魔力を喪った賢者の娘は、とある帝国公爵の呪いを解いてあげたのです……が? ~傾く領地を立て直したら、彼が私に傾いてきた~
 いろんな場所で、母はたくさんの人たちとの繋がりを紡いで、それを守ろうと必死に戦っていた。なのに、その命を私が断ち切り、二度と誰とも関われない場所に……死へ、追いやってしまった。

 今や謝ることも、償うこともできない。どうしたらいいか分からず、両手で顔を覆うばかりの私の耳を、光の静かな優しい言葉が打つ。

「あの子は、きっとお前の存在を祝福していたはずです」
「えっ?」
「お前の身体には、幾重にも連なる、強い守護の魔法がかけられている。まるで、何者かから娘のことを守ろうとするかのように……。お前が身体の内に、膨大なる呪いを閉じ込められていられるのも、そのせいでしょう」

 ささやかな光を何度もぱっぱっと点けたり消したり。その姿はまるで励ましてくれているみたいだ。

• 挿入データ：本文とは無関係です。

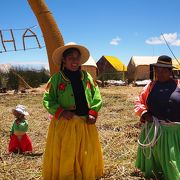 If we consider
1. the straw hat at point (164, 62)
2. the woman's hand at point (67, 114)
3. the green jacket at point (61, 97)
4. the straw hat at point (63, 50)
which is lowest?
the woman's hand at point (67, 114)

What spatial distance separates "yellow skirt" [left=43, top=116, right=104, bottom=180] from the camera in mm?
3691

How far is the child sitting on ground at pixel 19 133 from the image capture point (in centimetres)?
539

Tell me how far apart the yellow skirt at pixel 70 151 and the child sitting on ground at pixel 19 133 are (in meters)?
1.68

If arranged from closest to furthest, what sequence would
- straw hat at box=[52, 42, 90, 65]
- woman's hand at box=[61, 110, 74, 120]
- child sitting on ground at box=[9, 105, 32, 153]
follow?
woman's hand at box=[61, 110, 74, 120] < straw hat at box=[52, 42, 90, 65] < child sitting on ground at box=[9, 105, 32, 153]

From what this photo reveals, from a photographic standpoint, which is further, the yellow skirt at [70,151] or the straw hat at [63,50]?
the straw hat at [63,50]

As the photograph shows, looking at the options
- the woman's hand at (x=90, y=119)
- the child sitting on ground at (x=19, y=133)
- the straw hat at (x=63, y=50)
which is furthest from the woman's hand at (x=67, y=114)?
the child sitting on ground at (x=19, y=133)

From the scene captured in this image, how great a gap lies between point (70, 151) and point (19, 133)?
1.91 m

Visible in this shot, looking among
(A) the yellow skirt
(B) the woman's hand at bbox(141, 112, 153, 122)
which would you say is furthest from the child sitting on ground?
(B) the woman's hand at bbox(141, 112, 153, 122)

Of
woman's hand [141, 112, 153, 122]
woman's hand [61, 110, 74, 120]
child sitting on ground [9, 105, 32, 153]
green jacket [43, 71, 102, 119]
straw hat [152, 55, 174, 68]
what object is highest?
straw hat [152, 55, 174, 68]

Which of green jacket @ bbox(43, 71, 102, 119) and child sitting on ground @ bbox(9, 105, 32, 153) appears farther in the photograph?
child sitting on ground @ bbox(9, 105, 32, 153)

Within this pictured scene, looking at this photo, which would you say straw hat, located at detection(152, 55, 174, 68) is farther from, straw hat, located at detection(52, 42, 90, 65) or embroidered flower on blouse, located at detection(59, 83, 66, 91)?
embroidered flower on blouse, located at detection(59, 83, 66, 91)

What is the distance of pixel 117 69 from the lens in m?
32.3

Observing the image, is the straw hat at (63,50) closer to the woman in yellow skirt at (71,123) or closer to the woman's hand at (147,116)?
the woman in yellow skirt at (71,123)

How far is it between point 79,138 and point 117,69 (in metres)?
28.8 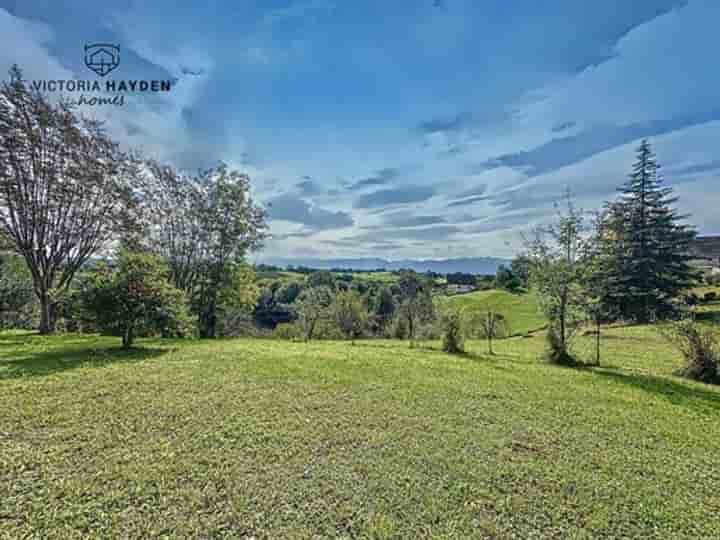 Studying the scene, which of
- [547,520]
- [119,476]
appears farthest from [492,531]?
[119,476]

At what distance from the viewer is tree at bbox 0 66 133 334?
11.5 meters

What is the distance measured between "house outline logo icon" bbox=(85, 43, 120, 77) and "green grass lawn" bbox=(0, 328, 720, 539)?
9.09m

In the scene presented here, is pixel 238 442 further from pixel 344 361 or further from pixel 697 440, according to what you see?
pixel 697 440

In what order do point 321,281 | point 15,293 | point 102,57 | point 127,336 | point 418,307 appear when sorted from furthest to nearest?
point 321,281, point 15,293, point 418,307, point 102,57, point 127,336

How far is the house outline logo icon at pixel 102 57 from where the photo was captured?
9.49 meters

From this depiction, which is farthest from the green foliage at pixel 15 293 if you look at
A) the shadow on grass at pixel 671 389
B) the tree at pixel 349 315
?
the shadow on grass at pixel 671 389

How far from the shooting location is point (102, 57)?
968cm

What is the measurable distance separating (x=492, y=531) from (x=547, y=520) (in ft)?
1.81

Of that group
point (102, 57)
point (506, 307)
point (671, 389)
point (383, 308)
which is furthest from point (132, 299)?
point (506, 307)

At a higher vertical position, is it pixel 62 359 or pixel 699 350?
pixel 699 350

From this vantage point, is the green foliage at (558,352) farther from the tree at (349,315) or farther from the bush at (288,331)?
the bush at (288,331)

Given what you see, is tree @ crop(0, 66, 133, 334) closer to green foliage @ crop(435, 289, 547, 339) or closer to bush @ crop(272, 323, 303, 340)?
bush @ crop(272, 323, 303, 340)

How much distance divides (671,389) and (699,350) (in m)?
1.90

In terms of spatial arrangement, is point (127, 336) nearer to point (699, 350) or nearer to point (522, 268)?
point (522, 268)
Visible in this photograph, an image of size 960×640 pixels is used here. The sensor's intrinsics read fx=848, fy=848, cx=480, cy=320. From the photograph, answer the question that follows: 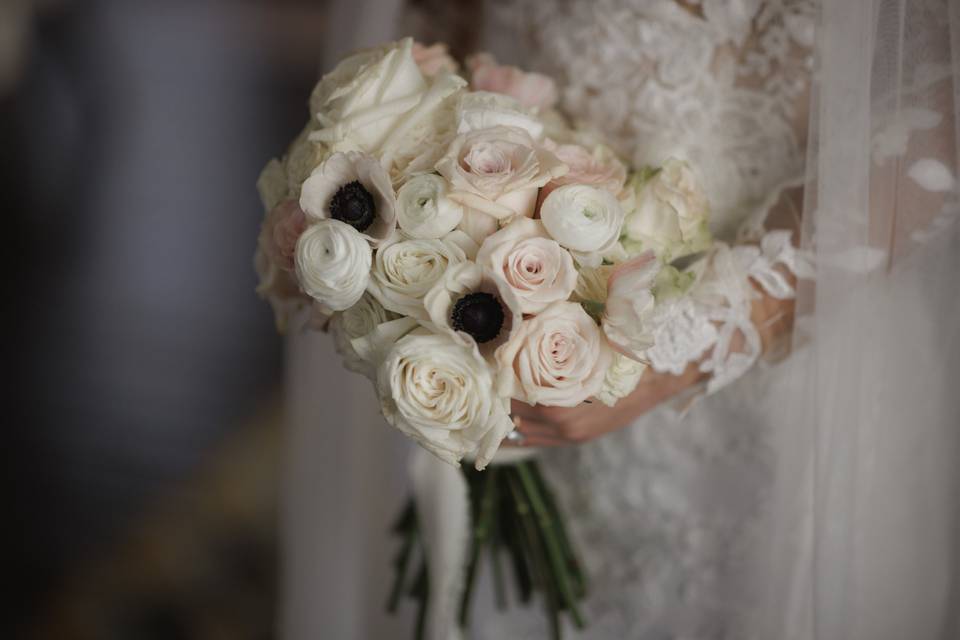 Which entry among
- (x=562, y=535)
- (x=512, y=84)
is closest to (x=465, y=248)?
(x=512, y=84)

「おそらく、生まれるまでの長い時間を掛けて、自らの命を織り込むようにしてかけたもの。世にも美しき、たったひとりの大切な存在に向けた、無二の魔法……このようなもの、特別な想いがなければ、生み出せようはずがありません」

 それを聞いて、私はあるイメージを思い出した。心の奥底にあった金色の揺り籠。幼い私を守るように闇を遠ざけてくれていた、優しい光。